Dans un communiqué publié le 24 décembre dernier, le gouvernement du Mali avait pour sa part apporté «un démenti formel à ces allégations sans fondement [sur] un prétendu déploiement des éléments d'une société de sécurité privée au Mali», exigeant que des sources indépendantes apportent des preuves de ces allégations.

A l'antenne de RT France mi-janvier, Nouhoum Sarr, membre du Conseil national de transition du pays, avait pour sa part estimé que la présence présumée de Wagner au Mali était une «rumeur» propagée par les anciennes puissances coloniales.

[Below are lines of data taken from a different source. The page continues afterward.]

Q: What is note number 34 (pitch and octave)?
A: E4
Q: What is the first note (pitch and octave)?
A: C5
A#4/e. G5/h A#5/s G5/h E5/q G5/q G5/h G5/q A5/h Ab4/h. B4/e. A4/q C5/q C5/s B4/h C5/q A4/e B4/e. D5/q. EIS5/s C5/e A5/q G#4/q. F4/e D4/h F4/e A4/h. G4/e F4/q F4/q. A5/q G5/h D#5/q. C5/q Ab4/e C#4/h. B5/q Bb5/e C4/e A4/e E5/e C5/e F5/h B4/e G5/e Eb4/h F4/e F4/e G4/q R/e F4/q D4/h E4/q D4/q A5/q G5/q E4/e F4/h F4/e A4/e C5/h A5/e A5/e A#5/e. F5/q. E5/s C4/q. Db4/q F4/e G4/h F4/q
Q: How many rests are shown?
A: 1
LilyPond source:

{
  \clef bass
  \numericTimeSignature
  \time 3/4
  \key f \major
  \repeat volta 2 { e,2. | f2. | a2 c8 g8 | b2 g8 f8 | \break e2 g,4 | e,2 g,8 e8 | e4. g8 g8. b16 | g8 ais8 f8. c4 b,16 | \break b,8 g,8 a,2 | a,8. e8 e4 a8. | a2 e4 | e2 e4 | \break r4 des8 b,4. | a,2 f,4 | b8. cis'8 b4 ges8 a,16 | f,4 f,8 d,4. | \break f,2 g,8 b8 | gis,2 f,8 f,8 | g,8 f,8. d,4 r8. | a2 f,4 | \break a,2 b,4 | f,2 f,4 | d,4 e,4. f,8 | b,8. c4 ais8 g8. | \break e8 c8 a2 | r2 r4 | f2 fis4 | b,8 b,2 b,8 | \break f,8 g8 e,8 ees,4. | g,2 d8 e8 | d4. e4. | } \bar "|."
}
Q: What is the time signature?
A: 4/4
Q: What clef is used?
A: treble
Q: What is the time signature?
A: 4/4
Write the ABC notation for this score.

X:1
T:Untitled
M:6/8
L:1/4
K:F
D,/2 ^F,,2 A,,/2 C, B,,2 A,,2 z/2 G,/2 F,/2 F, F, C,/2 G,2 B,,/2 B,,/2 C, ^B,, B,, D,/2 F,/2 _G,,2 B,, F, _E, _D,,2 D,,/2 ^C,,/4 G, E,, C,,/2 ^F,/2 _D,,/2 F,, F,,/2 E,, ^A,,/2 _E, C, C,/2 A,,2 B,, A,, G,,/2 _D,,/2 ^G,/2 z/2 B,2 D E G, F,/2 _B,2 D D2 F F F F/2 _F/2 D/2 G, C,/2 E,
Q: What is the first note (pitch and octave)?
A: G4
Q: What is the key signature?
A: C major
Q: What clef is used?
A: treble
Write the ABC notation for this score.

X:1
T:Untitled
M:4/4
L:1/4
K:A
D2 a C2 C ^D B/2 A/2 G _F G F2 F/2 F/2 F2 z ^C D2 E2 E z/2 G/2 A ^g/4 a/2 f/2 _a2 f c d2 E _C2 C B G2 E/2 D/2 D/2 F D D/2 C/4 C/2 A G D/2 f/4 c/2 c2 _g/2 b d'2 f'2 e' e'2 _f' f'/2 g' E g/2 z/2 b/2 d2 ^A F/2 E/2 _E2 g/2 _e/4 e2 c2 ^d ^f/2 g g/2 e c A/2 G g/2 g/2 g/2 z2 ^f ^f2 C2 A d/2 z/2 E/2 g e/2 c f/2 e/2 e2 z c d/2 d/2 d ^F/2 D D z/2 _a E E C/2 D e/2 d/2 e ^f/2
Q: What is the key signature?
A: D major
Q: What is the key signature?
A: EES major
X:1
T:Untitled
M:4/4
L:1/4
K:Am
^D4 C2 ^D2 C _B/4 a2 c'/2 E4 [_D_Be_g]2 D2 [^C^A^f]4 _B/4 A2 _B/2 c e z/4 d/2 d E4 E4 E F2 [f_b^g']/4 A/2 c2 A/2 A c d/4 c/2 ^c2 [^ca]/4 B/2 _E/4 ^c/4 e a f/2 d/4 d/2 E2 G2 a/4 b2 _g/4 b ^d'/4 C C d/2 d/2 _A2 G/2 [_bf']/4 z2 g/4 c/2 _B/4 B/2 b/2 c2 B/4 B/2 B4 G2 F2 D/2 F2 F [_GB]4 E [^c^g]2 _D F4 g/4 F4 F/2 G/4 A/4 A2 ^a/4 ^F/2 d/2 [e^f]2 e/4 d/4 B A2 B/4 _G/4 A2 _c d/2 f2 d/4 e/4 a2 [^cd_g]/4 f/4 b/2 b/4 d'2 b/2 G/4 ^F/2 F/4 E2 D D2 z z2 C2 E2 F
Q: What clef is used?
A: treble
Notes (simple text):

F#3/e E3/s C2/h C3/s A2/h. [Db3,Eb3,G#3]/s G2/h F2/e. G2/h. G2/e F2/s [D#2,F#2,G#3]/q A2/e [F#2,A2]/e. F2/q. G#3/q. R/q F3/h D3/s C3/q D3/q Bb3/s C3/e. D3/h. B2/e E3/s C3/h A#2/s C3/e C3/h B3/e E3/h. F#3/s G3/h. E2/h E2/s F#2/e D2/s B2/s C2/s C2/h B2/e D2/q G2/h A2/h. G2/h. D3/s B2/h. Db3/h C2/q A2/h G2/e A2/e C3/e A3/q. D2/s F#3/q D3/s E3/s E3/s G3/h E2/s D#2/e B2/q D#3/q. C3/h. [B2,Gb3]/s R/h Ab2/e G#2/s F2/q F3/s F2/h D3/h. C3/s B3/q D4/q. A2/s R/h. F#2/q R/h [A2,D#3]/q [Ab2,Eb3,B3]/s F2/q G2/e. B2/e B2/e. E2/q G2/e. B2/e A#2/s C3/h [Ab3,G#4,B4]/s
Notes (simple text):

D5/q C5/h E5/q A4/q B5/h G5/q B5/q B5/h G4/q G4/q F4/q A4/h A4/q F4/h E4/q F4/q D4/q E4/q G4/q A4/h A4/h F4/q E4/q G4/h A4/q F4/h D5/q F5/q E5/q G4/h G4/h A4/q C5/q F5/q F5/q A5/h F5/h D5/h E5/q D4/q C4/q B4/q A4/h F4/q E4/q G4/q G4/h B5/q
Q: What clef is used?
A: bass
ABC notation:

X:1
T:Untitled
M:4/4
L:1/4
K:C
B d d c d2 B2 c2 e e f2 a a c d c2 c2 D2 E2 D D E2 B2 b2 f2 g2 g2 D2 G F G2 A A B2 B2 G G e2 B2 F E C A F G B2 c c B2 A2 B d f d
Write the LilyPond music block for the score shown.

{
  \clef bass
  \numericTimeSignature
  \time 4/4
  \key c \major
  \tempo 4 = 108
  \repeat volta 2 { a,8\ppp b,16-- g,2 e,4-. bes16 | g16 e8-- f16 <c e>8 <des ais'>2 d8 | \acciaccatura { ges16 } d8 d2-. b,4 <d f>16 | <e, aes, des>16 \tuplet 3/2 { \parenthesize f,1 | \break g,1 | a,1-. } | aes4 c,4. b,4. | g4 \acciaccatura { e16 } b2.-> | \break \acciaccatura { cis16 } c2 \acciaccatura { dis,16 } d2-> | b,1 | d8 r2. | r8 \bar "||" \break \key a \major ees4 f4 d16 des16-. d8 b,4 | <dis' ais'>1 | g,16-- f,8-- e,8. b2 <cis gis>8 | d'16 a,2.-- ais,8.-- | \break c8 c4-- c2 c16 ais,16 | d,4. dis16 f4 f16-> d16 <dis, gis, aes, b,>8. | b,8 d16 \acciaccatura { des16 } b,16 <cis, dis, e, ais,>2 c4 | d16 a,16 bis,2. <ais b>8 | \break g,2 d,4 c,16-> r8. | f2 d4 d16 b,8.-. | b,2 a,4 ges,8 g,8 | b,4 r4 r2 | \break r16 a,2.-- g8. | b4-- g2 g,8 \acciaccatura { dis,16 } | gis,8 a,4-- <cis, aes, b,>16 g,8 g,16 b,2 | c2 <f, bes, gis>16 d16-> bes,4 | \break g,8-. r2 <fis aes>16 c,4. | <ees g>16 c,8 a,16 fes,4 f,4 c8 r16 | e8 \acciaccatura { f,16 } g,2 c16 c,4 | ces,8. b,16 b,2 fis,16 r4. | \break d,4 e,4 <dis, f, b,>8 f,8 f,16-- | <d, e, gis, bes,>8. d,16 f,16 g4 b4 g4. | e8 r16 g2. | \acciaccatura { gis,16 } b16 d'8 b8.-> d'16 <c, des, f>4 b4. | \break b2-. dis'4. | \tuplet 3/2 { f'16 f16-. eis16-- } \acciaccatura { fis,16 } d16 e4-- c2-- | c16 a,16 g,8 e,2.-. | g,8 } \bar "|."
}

«C’est une plaisanterie. Dans notre pays, il n’y a pas de Wagner. Nous coopérons d’Etat à Etat. Nous coopérons avec les autorités légitimes russes tout comme nous coopérons avec les autorités turques, américaines… Nous coopérons avec toutes les autorités», avait lancé Nouhoum Sarr, avant de poursuivre : «Je pense que c’est une rumeur. Une calomnie. Le monde est habitué. C’est comme quand on a dit que l'Irak avait l'arme nucléaire, des armes de destruction massive.»